Output the first line of the listing and each line after it, up to and including the line that contains "Increased lifespan and", exactly as written, minus the pictures.
────────
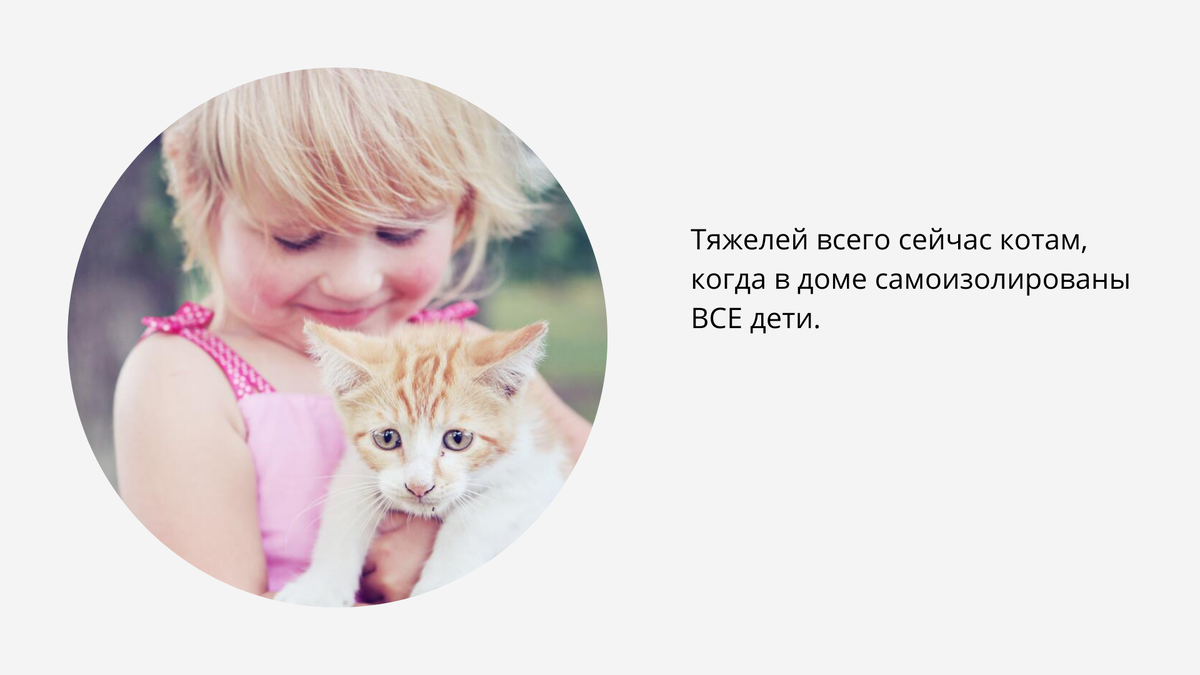 Анекдоты про котов - дети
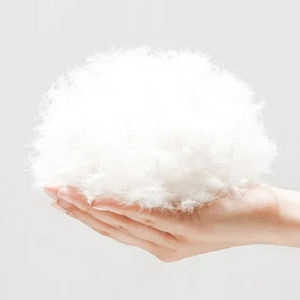 Corduroy Kennel Featured High-End Pet Dog Puppies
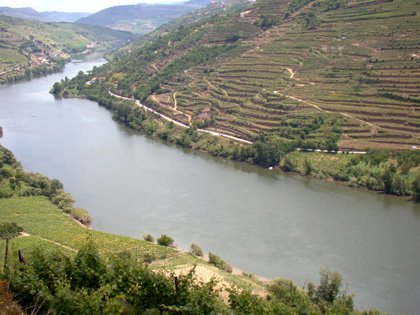 Vale do Douro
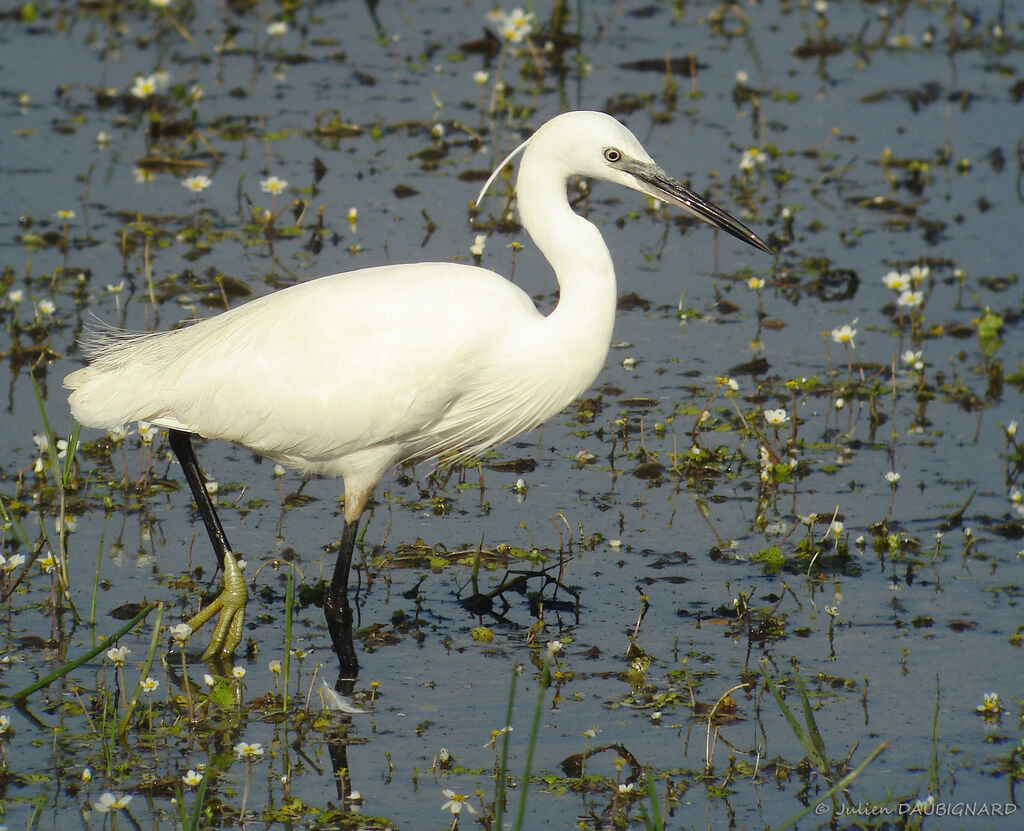 Aigrette garzette, identification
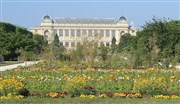 Visite guidée : Jardin de Sciences, Jardin des Plantes | par Pauline Lebourcq Jardin des plantes Affiche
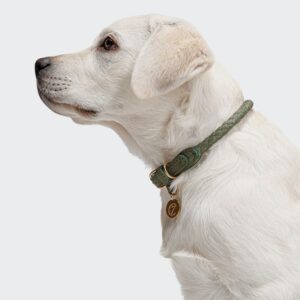 Cloud7 Dog Collar Ravello Moss
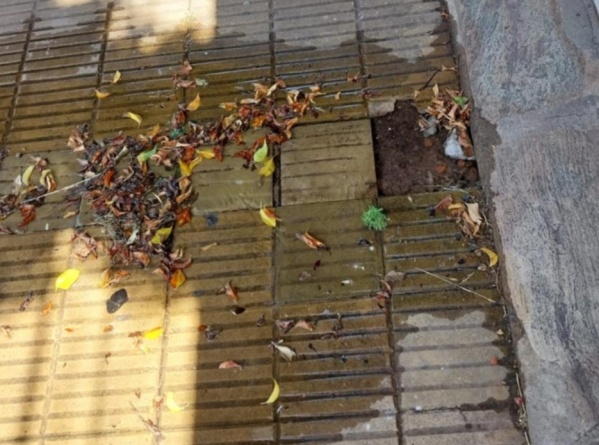 Derroche de agua en 526 entre 7 y 8 tiene a mal traer a los vecinos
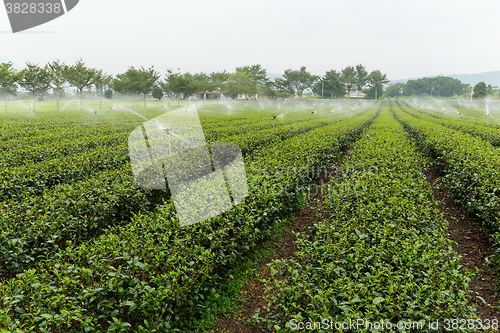 Image of Tea garden at TaiWan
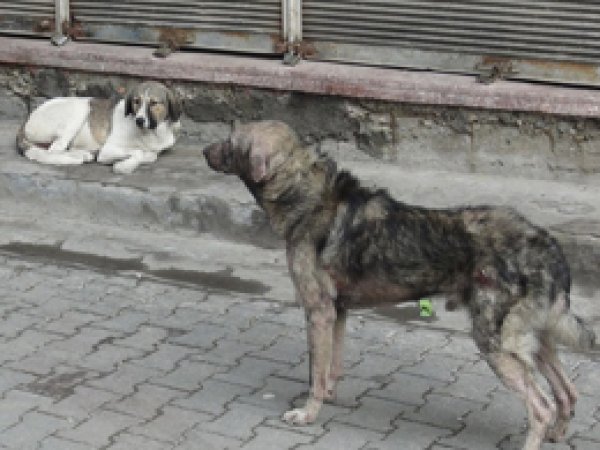 Belediyeye 'Başıboş Köpek' Tepkisi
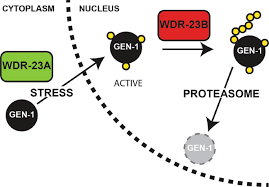 Wdr stands for wide dynamic range, is a technology used on video cameras to compensate problems with light exposure. Nuclear And Cytoplasmic Wdr 23 Isoforms Mediate Differential Effects On Gen 1 And Skn 1 Substrates Scientific Reports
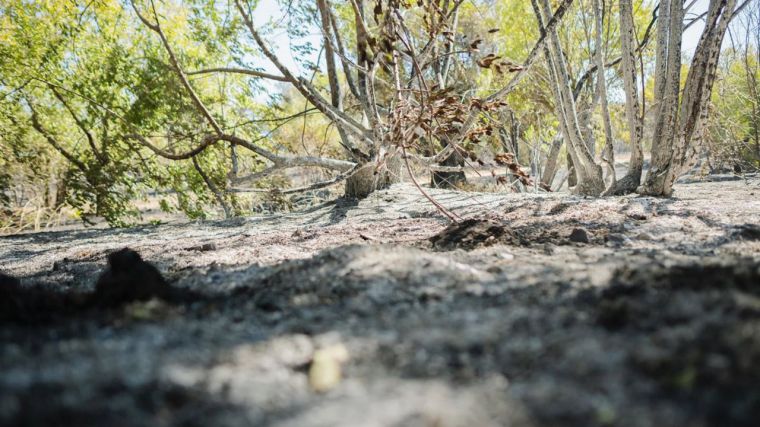Los servicios de extinción de Madrid y CLM trabajan en el incendio declarado entre Méntrida y Aldea del Fresno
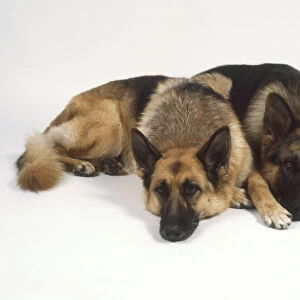 Two German Shepherd dogs (Canis familiaris) lying side by side, facing forward
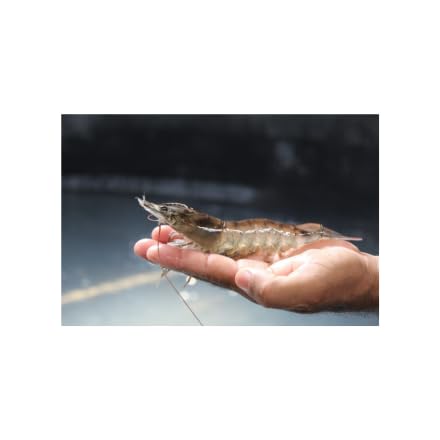 Increased lifespan and reduced stress in fish using FISH KRACK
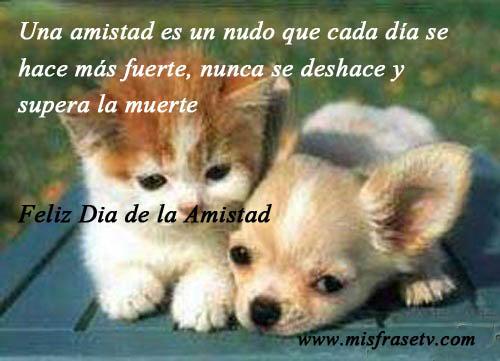 Enlace permanente de imagen incrustada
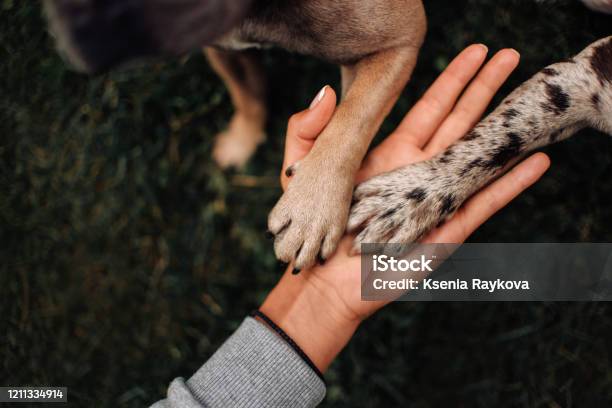 Top View Of Two Dog Paws In Owner Hand Stock Photo - Download Image Now - Dog, Paw, Pet Owner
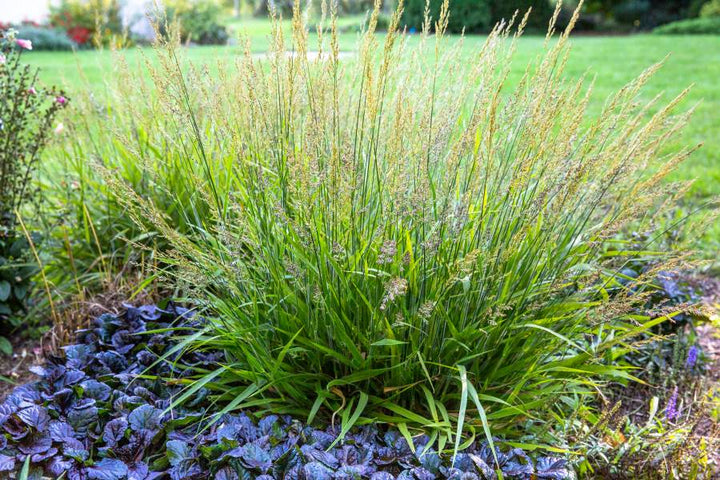 Calamagrostis x ‘Cheju-Do’ (Dwarf Feather Reed Grass)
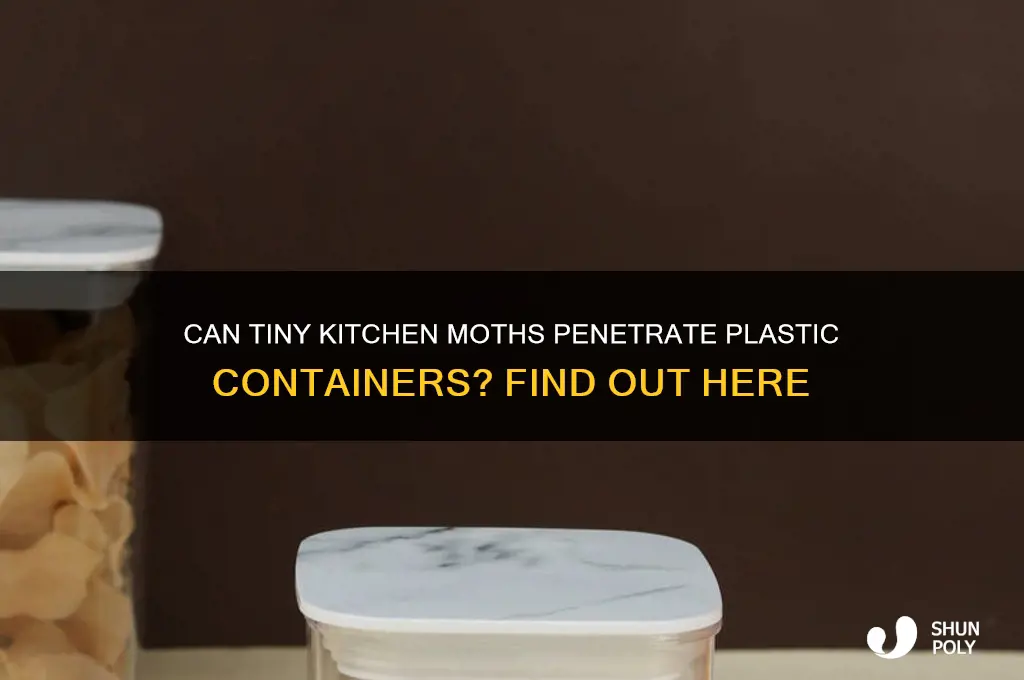 do the tiny moths in kitchen cabinets get through plastic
────────
§ Reply
 Анекдоты про котов - дети
 Corduroy Kennel Featured High-End Pet Dog Puppies
 Vale do Douro
 Aigrette garzette, identification
 Visite guidée : Jardin de Sciences, Jardin des Plantes | par Pauline Lebourcq Jardin des plantes Affiche
 Cloud7 Dog Collar Ravello Moss
 Derroche de agua en 526 entre 7 y 8 tiene a mal traer a los vecinos
 Image of Tea garden at TaiWan
 Belediyeye 'Başıboş Köpek' Tepkisi
 Wdr stands for wide dynamic range, is a technology used on video cameras to compensate problems with light exposure. Nuclear And Cytoplasmic Wdr 23 Isoforms Mediate Differential Effects On Gen 1 And Skn 1 Substrates Scientific Reports
Los servicios de extinción de Madrid y CLM trabajan en el incendio declarado entre Méntrida y Aldea del Fresno
 Two German Shepherd dogs (Canis familiaris) lying side by side, facing forward
 Increased lifespan and reduced stress in fish using FISH KRACK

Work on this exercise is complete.